The only tricky coding in sched.c is schedule(), because it calls asmswtch, a completely weird function.  The code is set up like this:

  1. Decision code, end up setting new curproc, but also knowing oldproc, pointers to proctab entries. But the current code in schedule_one only chooses between some argued process i and 0.  You need to fix it.
  2. asmswtch(oldproc, curproc)
  3. return

You don’t have to do it this way, but be aware that asmswtch does return after the given process is rescheduled, and then it should return from schedule and go on with its business (unless the process is exiting).  Don’t let it fall into inappropriate code because you think it never returns! 

The calls into the scheduler are straightforward to code except for the tsleep calls from ttywrite, etc..  There we had a busy loop of attempted enqueues into the output queue, and we need to replace it by blocking the process.  Ttywrite is already coded, but you need to do ttyread and the new sleep system call.

Might try:

if (enqueue(...) == FULLQ)
       tsleep(OUTPUT);
     /* can we enqueue now?  Not for sure! */

Suppose two processes, A and B, were unblocked by wakeup.  If A gets to run first, it will use up the space in the output queue, but B will still be marked RUN, and will be chosen to run a little while later.  It will return from tsleep, but there will be no space in the output queue for it to use.  It needs to call tsleep again.  So we really need something like:

while (enqueue(...) == FULLQ)
       tsleep(OUTPUT);

But what about mutex?  We know from hw2 that enqueue needs mutex (cli()) to protect it against concurrent modifications to the queue data structure by itself and the dequeue in the interrupt handler, which can run in the middle of an enqueue unless we turn off interrupts.

Is that enough?  Suppose we write guarded_enqueue(), which is just enqueue’s body surrounded by cli and sti (or set_eflags back to original value.), and similarly guarded_sleep().  Then we would have:

while (guarded_enqueue(...) == FULLQ)
       guarded_sleep(OUTPUT);

But there’s a sneaky problem here called the lost wakeup problem.  It was discussed in Tan, pg. 127 in the context of user-level sleep and wakeup calls.  Luckily we are working inside the kernel here, so we are allowed to turn off interrupts as needed.

The problem is this.  Suppose that just after guarded_enqueue returns with FULLQ, an interrupt happens that causes a dequeue and a call to wakeup.  But this process is not yet blocked, so it is not unblocked.  Instead, the wakeup does nothing at all to proctab[] (that’s OK in itself, maybe there’s no more output.)  Then this code resumes and calls guarded_sleep, and this process may sleep forever (if it’s the last non-zombie process, for example.)

The solution is to put the cli()—sti() mutex region across more code:

cli();
while (enqueue(...) == FULLQ)
       tsleep(OUTPUT);
sti();

It’s a little scary to call tsleep with interrupts off, but in fact they won’t be off long, because the tsleep immediately calls schedule, which finds another process to run, and asmswtch swaps the EFLAGS with the IF in it, and the other process resumes execution, typically with IF=0 inside asmswtch, but it soon restores IF to 1 as it returns to user code.  So the mutex (IF=0) is only holding for the execution in this process.  The important thing for us here is that an interrupt can no longer occur in that bad spot described above.  So even though there is a “mutex hole” at the call to tsleep, we have what we need here.

New system call for hw3: sleep(int ms)

 

A new system call, so give it a number.
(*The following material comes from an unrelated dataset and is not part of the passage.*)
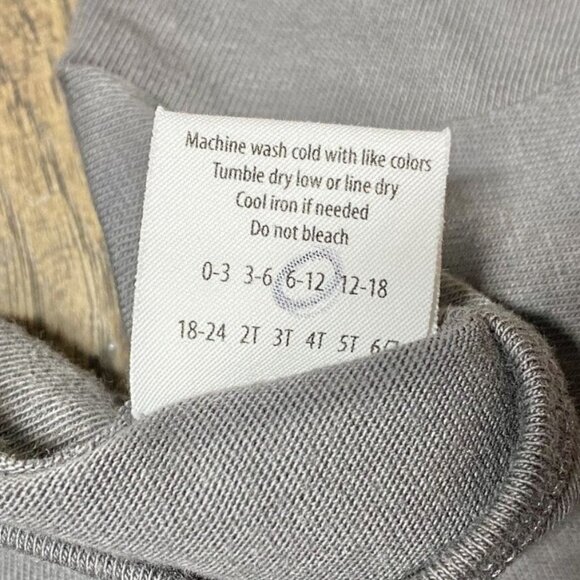 NEW Gus + Steel Graphite Tee 6-12 months - Picture 3 of 4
Also a new waitcode. You can use tsleep to block a process, but it isn’t reasonable to use the broadcast twakeup here, so just set the process status when the time is up, or implement wakeup_one(int pid). Note that you don’t want to call schedule here, because we are using a non-preemptive scheduler, which means that processes run until they block or exit. You need the pid argument in wakeup_one() because this will be called from the tick handler, which has figured out the pid that needs waking up when its sleep is over.

 

 

Memory Management

Read Chap. 3 to pg. 194, esp. 189-194, then 3.3.3, TLBs, 3.3.4 multilevel page tables,

3.4 on page replacement algorithms, skipping 3.4.8,

3.6 through pg. 232, Linux pp. 758-762

 

Primitive Memory Management, and how to do better

Examples: SAPC, MSDOS

 

Both the user code and OS code sit in the same memory space, and each can see the other.  The data is also in this space and mutually accessible, and must be writable (the code might be in ROM, and thus protected from write.)  The user code can accidentally or on purpose corrupt the OS data.  Thus the system is seriously insecure.

 

What do we need in order to get the needed user-OS separation?  We need help from the hardware and software that uses it properly.

 

More specifically, we need help from memory management hardware (the MMU) to restrict memory access based on user vs kernel execution.  That means we need to have the CPU keep track of whether it’s executing user or kernel code, and make sure the transition between the two is very carefully handled.

 

User vs. Kernel Mode Execution

All CPUs used for serious OS’s have at least two modes of execution, for user and kernel.  In fact, the x86 has 4 “rings” for this, but only two of them are in use by UNIX or Win2K.  Thus we will stick to the simple picture of two levels, user and kernel.  In the x86, the current execution mode (ring number) is stored in the CS (code segment descriptor) register of the CPU.

 

User-Kernel Transitions

We have already studied the mechanism of system calls, and saw how careful they are to transfer only a minimal amount of information from the user execution environment to the kernel, just a syscall number and the arguments.  The whole syscall execution looks like the execution of a single instruction in the user code, the syscall trap instruction.

 

Interrupts during user execution also make the user-kernel mode transition.  We have seen that they utilize the same basic CPU trap cycle as the system calls, with the additional trick of turning off interrupts, and some way of getting a device identifier.  They can’t even be detected by user code unless it does high-precision timekeeping.

 

 

The MMU (part of the CPU) Picture, pg. 189

The MMU needs to know which addresses are user, which are kernel, as well as the current CPU mode, user or kernel.  Then when it is handling a certain address, it can detect a user-mode access to kernel address, and make it fail.  We will see how this works.

 

The MMU is another helper to the CPU proper, but it is not like the other helper, the PIC, which we called the “secretary to the CPU,” because it remembered things and organized work for the CPU.  The MMU just takes orders, more like a telephone for the boss.  Type in a number and a phone places a particular call.  Similarly, the CPU asks the MMU for the data at a certain address.

 

A MMU is needed to support the concept of an address space, discussed in Tanenbaum starting on pg. 179.  It is possible to support address spaces without using paging, but we will not study that case.  It is covered on pp. 180 (last paragraph)-181.

 

Def, pg. 180: an address space is the set of addresses that a process can use to address memory. Each process has its own address space.  This holds for UNIX/Linux and Windows.

 

For example, on 32-bit Linux, processes have 3GB-sized address spaces going from A = 0 to 3G-1 = 0xbfffffff. Two such processes can each use address 0x100234 and read different values, because these are two different address spaces.

 

In fact not all addresses are readable: some will cause an exception on access because no memory has been allocated there yet.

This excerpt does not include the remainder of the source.